Under this line is a listing; return exactly the lines starting at the one with "Georgetown City Skyline Seaview Urban Suites" and running down to the one with "Used 2017 Ford", and leave out its pictures.
#### DATA LISTING ####
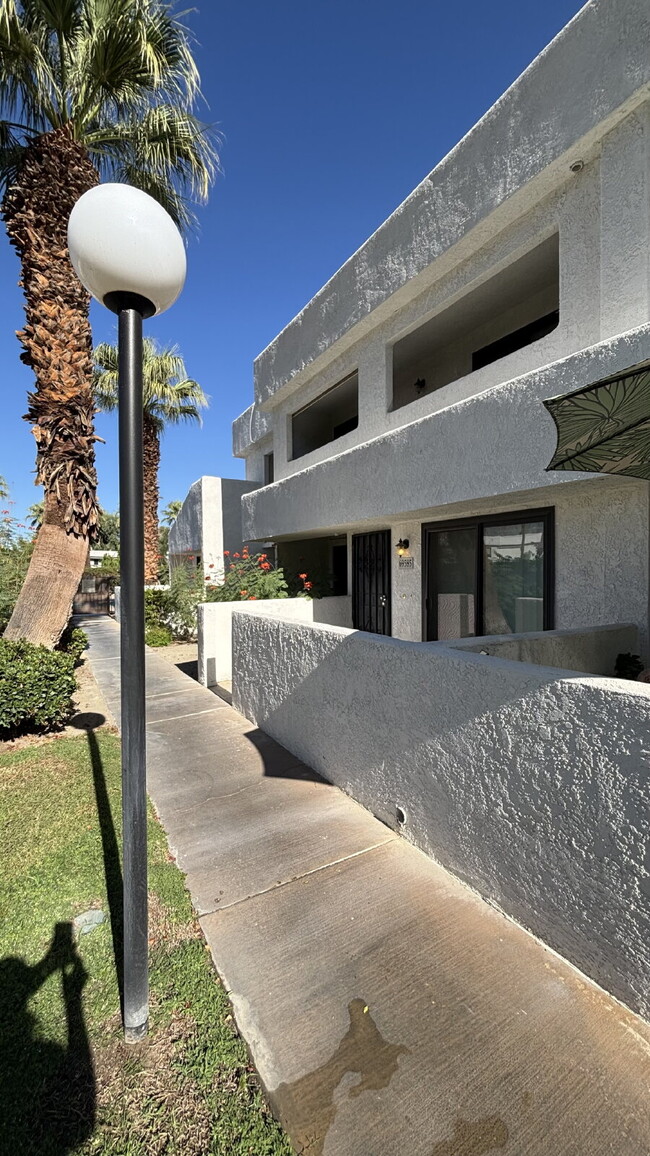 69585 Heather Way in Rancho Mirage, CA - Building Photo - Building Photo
####
#### DATA LISTING ####
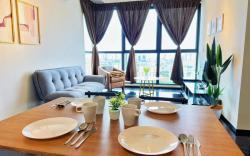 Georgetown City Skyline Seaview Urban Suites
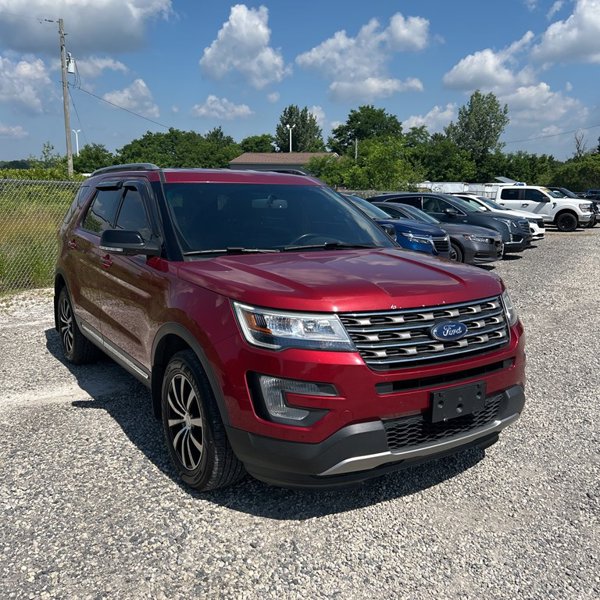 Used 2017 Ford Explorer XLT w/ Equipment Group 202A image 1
####
> _TASK ANSWER_:
 Georgetown City Skyline Seaview Urban Suites
 Used 2017 Ford Explorer XLT w/ Equipment Group 202A image 1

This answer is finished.